══ Information given ══

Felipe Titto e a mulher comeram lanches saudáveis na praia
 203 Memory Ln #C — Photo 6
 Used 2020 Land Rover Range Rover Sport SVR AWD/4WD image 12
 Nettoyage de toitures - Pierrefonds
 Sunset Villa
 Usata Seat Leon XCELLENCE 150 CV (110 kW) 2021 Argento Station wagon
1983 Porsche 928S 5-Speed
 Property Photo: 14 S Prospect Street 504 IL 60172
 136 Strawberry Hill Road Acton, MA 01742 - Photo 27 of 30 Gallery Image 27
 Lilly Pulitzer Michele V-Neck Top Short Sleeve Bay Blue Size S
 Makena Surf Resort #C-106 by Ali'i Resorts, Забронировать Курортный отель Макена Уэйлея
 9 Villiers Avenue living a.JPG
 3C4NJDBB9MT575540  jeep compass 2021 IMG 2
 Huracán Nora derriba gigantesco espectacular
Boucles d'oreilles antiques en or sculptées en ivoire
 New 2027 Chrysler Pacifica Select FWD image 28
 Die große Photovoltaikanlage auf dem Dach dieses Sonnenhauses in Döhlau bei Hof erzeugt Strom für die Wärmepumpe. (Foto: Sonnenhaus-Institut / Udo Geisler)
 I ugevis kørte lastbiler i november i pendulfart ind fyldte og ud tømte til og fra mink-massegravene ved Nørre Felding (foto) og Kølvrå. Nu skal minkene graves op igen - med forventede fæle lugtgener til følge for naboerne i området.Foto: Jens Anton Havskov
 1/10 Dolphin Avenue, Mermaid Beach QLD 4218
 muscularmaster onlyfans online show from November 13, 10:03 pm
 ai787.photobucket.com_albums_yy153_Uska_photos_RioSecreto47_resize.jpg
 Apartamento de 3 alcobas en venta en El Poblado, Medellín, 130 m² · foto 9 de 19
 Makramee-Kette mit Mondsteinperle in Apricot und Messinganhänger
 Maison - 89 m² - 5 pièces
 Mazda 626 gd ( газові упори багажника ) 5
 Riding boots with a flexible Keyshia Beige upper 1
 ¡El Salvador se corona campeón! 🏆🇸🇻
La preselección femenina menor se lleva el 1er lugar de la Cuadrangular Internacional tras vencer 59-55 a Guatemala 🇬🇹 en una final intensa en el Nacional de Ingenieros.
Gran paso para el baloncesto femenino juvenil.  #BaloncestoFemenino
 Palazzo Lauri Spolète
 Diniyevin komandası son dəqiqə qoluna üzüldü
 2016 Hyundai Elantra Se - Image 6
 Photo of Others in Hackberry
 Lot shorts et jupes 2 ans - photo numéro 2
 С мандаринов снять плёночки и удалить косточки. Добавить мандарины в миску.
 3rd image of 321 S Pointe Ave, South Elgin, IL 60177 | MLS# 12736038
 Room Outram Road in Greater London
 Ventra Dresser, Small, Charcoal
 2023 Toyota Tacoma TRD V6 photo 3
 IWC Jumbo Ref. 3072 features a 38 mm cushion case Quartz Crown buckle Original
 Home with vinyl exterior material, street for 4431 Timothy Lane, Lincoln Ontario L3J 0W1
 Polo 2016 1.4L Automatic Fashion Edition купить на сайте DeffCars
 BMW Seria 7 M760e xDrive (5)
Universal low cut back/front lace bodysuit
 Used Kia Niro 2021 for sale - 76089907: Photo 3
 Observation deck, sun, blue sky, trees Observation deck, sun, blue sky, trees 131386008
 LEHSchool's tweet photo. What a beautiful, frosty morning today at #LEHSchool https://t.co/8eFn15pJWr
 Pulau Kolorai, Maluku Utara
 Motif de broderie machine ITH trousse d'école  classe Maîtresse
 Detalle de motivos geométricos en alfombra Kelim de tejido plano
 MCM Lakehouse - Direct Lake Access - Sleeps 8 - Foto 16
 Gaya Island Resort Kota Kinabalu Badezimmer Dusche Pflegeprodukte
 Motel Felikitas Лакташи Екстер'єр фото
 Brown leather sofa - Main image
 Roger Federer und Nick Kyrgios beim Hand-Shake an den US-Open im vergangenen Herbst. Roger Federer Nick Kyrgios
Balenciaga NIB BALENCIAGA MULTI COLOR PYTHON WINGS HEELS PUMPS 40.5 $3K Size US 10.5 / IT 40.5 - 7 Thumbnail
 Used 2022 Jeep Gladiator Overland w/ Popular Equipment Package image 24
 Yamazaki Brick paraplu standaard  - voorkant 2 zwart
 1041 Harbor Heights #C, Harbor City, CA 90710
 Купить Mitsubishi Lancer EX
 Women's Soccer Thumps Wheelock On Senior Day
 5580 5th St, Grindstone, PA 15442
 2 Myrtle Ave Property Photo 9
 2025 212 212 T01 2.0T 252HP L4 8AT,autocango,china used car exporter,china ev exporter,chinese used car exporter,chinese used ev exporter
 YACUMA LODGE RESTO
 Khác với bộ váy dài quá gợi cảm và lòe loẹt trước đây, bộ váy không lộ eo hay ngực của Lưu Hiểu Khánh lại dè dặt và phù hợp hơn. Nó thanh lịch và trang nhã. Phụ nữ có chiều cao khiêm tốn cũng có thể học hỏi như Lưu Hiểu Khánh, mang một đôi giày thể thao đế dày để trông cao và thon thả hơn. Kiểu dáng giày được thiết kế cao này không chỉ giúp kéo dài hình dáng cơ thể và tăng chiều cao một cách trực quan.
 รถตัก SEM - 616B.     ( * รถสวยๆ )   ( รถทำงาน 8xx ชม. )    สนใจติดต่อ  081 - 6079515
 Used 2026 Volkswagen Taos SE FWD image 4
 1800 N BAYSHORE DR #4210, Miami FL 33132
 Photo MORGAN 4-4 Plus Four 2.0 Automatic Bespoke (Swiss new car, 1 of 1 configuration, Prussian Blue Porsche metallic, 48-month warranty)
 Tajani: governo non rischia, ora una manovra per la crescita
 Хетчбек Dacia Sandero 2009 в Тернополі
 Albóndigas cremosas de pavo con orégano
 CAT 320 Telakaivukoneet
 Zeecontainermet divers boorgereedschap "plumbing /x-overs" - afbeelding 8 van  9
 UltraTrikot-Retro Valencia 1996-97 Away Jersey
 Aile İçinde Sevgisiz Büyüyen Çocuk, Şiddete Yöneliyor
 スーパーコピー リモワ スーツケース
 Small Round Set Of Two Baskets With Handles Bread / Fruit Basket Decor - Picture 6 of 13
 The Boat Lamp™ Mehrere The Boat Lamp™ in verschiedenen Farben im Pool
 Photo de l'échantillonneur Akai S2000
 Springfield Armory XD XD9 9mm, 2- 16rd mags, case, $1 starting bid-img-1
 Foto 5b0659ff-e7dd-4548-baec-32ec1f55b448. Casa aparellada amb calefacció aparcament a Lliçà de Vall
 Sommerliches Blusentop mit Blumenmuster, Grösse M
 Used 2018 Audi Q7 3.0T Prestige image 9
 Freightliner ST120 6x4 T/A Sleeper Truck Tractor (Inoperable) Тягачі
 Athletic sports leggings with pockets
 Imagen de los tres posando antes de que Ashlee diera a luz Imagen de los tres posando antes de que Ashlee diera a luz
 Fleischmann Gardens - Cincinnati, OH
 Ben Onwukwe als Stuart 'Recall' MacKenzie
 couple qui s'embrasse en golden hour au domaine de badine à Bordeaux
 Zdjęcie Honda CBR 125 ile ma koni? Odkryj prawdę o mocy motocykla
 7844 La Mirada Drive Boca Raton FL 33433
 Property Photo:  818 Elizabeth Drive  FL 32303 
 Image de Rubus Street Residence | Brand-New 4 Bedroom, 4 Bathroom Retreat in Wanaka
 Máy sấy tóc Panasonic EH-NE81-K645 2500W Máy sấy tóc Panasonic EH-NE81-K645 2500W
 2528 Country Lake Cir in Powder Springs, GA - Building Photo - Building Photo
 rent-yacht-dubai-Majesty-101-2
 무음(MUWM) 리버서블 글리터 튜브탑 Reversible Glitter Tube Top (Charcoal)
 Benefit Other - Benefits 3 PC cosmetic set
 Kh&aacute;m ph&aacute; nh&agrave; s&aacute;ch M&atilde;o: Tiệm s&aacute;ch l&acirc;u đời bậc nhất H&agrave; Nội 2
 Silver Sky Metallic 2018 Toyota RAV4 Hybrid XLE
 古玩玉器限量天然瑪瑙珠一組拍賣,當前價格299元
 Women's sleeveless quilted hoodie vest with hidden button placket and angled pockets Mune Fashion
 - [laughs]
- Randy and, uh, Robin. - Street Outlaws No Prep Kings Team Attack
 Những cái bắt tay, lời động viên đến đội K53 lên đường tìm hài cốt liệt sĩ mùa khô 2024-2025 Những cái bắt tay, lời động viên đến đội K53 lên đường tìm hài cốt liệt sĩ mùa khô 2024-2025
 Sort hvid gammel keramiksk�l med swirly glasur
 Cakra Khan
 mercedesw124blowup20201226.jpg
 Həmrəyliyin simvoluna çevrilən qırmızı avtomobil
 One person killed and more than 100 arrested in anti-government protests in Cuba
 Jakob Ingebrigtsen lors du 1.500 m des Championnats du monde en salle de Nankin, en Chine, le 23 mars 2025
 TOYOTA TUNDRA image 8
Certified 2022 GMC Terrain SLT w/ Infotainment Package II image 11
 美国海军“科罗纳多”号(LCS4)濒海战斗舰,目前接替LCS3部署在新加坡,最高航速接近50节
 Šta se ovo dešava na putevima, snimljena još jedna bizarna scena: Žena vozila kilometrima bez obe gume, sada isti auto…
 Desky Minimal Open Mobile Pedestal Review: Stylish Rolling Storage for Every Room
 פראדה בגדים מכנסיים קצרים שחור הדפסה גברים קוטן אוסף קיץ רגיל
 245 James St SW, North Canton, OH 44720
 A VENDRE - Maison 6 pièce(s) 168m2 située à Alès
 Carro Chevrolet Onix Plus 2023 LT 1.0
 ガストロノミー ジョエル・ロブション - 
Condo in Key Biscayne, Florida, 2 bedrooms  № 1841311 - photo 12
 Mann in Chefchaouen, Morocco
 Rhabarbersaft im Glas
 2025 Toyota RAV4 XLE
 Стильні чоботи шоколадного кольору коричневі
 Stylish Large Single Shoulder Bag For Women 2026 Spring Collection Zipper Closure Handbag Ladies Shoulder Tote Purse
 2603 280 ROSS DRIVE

═══

§ **Exercise instructions**
Of the entries above, repeat exactly the lines from the line with "Apartamento de 3" through the line with "IWC Jumbo Ref.", both of them included.

§ **Your response**
 Apartamento de 3 alcobas en venta en El Poblado, Medellín, 130 m² · foto 9 de 19
 Makramee-Kette mit Mondsteinperle in Apricot und Messinganhänger
 Maison - 89 m² - 5 pièces
 Mazda 626 gd ( газові упори багажника ) 5
 Riding boots with a flexible Keyshia Beige upper 1
 ¡El Salvador se corona campeón! 🏆🇸🇻
La preselección femenina menor se lleva el 1er lugar de la Cuadrangular Internacional tras vencer 59-55 a Guatemala 🇬🇹 en una final intensa en el Nacional de Ingenieros.
Gran paso para el baloncesto femenino juvenil.  #BaloncestoFemenino
 Palazzo Lauri Spolète
 Diniyevin komandası son dəqiqə qoluna üzüldü
 2016 Hyundai Elantra Se - Image 6
 Photo of Others in Hackberry
 Lot shorts et jupes 2 ans - photo numéro 2
 С мандаринов снять плёночки и удалить косточки. Добавить мандарины в миску.
 3rd image of 321 S Pointe Ave, South Elgin, IL 60177 | MLS# 12736038
 Room Outram Road in Greater London
 Ventra Dresser, Small, Charcoal
 2023 Toyota Tacoma TRD V6 photo 3
 IWC Jumbo Ref. 3072 features a 38 mm cushion case Quartz Crown buckle Original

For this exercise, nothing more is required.